Gara 1 di Imola per il campionato Superbike 2018 è ormai archiviata. Adesso team e piloti sono concentrati sul warmup di domattina, che servirà per sistemare meglio le moto, e soprattutto su Gara 2 che scatterà nuovamente alle 13.

Oggi intanto abbiamo assistito al dominio di Jonathan Rea, che ha condotto la corsa dalla prima curva fino all’ultimo giro la prima manche SBK. Il tre volte campione del mondo SBK ha mantenuto un ritmo importante fin da subito, sbarazzandosi del compagno Tom Sykes (secondo) e non dando modo alle Ducati di rientrare. Marco Melandri ha chiuso terzo, davanti a un Chaz Davies con qualche rimpianto tra partenza ed errore successivo. Buon quindi Xavi Fores, davanti a Michael van der Mark e agi italiani Michael Rinaldi e Lorenzo Savadori.

Superbike Imola 2018, Gara 1: i commenti dei piloti

Jonathan Rea al termine di Gara 1 ad Imola ha parlato della sua straordinaria vittoria. Queste le sue dichiarazioni ai microfoni di Sportmediaset: «La gara è stata davvero bella, di controllo, non ho neanche guidato al limite. Ho gestito, quando provavano ad avvicinarsi acceleravo un po’. Molto soddisfatto, vedremo cosa succederà domani. Difficile avere aspettative per domani. La moto si comporta bene e ci riproveremo. Il comportamento di Chaz Davies è stato un po’ al limite».

Tom Sykes si è preso un secondo posto che è il massimo oggi, con un Rea così forte. Il campione del mondo Superbike 2013 si è così espresso nel post-gara: «E’ stata una gara divertente. Siamo partiti bene, ieri avevamo fatto tanti test con vari set-up e configurazioni di gomme. Oggi abbiamo avuto un buon passo di gara. Ci mancava qualche decimo. Per domani speriamo di migliorare la moto e ci riproveremo».

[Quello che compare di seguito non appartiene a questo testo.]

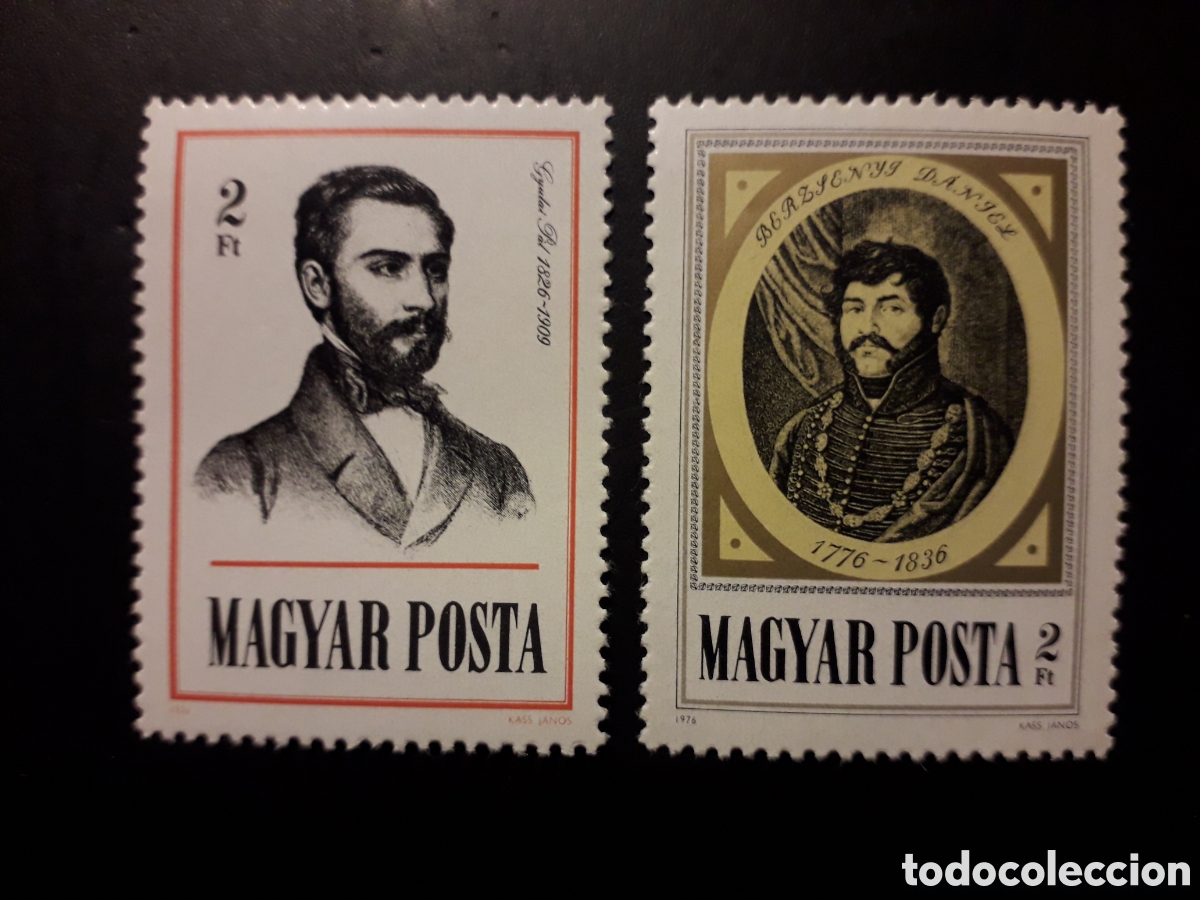 Sellos: HUNGR&Iacute;A YVERT 2515/6 SERIE COMPLETA NUEVA *** 1976 POETAS, POES&Iacute;A LITERATURA PEDIDO M&Iacute;NIMO 3&euro;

Marco Melandri ha conquistato un buon podio, che gli ridà fiducia dopo alcuni gran premi difficili. A Imola i problemi gravi di stabilità della sua Ducati si sono visti molto bene, seppur non siano del tutto scomparsi. Il ravennate ha commentato: «Col pieno facevo fatica, non riesco a fermare la moto come voglio e non sono riuscito a seguire i due piloti Kawasaki. Ho commesso subito due errori. Quando è diminuita la benzina sono andato un po’ in crisi sull’anteriore, perché avevo forzato troppo. Negli ultimi giri con almeno carburante mi sono trovato meglio e riuscivo ad essere più fluido nella guida, all’inizio ero più legnoso. Cerchiamo di capire cosa fare per domani, vediamo. Comunque essere sul podio è il miglior risultato possible oggi. Ringrazio i ragazzi del team Aruba Ducati per il grande lavoro. Domani spero di poter lottare dall’inizio».

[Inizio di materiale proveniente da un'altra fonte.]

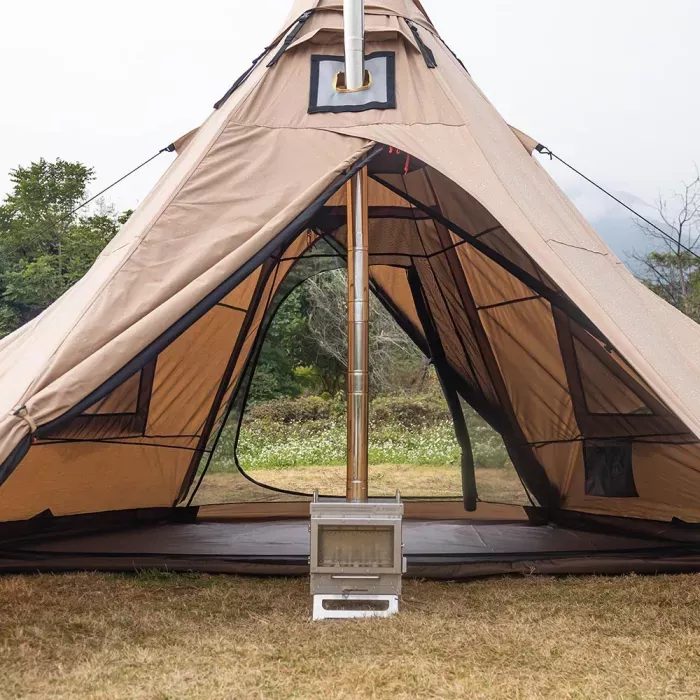 POMOLYからTC素材のストーブテント「PEAK TC ワンポールテント」登場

Chaz Davies amareggiato per qualche errore di troppo commesso. Aveva il potenziale per essere almeno sul podio, però alcuni sbagli nelle fasi iniziali lo hanno costretto a una rimonta stoppatasi al quarto posto: «Domani posso fare sicuramente meglio. Oggi è stato difficile nei primi giri con gli altri piloti. Non riuscivo a fermare bene la moto con serbatoio pieno. Per me è stato complicato. Poi dopo alcuni giri è andata meglio, ma non è stato abbastanza».

Michael Rinaldi per un po’ stato in top 5, però poi ha dovuto arrendersi e ha chiuso in settima piazza. Continua la crescita del giovane talento riminese: «Sono stato un po’ troppo istintivo quando Melandri mi ha passato e c’era un buco, mi sono infilato. Poi quando lui era davanti ho fatto un errore in una staccata. Da lì ci ho provato a dare tutto, però le gomme si usurano e dobbiamo ancora sistemarci un po’. Comunque sono contento, i primi giri con loro sono stati belli. Dobbiamo migliorare la seconda parte di gara. Domani darò ancora di più».